How to drink and drive

The new tougher drinking and driving laws have begun in Nevada. Instead of being considered legally intoxicated at .10 percent alcohol, people who get caught driving with .08 percent alcohol in their blood will have a large piece of their life ruined.

People have already begun to calculate how many drinks fewer they can have in order to drive legally. Don’t fall prey to what is often false and misleading information. Similar amounts of alcohol can affect drinkers in different ways on different days. Don’t believe the online blood-alcohol concentration calculators, either. The two top-rated calculators say a 200-pound person is legally sober enough to drive even when he or she has had four drinks in one hour. That’s baloney.

Even the drink amounts on these online-BAC calculators are misleading. For example, a beer is said to be 12 ounces—a can- or bottle-sized serving—although beer is almost as often served in a 16-ounce pint glass in these days of microbrews. Mixed drinks are usually “free poured” outside the casinos, which also often results in larger than expected amounts of alcohol consumed.

The risks of drinking and driving are too great. If there is going to be drinking, the cost of a cab, like the cost of tipping the bartender, should be included in the night’s budget. Too many people are killed every year by people who were told they were sober enough to drive.
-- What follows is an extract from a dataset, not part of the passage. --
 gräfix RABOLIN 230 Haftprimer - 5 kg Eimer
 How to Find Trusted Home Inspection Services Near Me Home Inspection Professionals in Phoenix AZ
The point of this editorial is not to denigrate bartenders, drinkers or bars. It is simply to inform people that there is a reasonable and accurate standard to judge when it’s OK to drive. If you are going to drink, even two drinks, don’t drive. If you must drive after drinking, give it an hour for each ounce of alcohol you consume—that’s conservatively about an hour and a half per drink. Also remember, a night’s sleep doesn’t necessarily put you in the clear. The rules are the same whether you are awake or asleep: an hour and a half per drink. If you have a big night out at the clubs, and you only get a few hours sleep, as a hung-over driver, you can be just as legally drunk and dangerous as one who’s just driven away from the bar.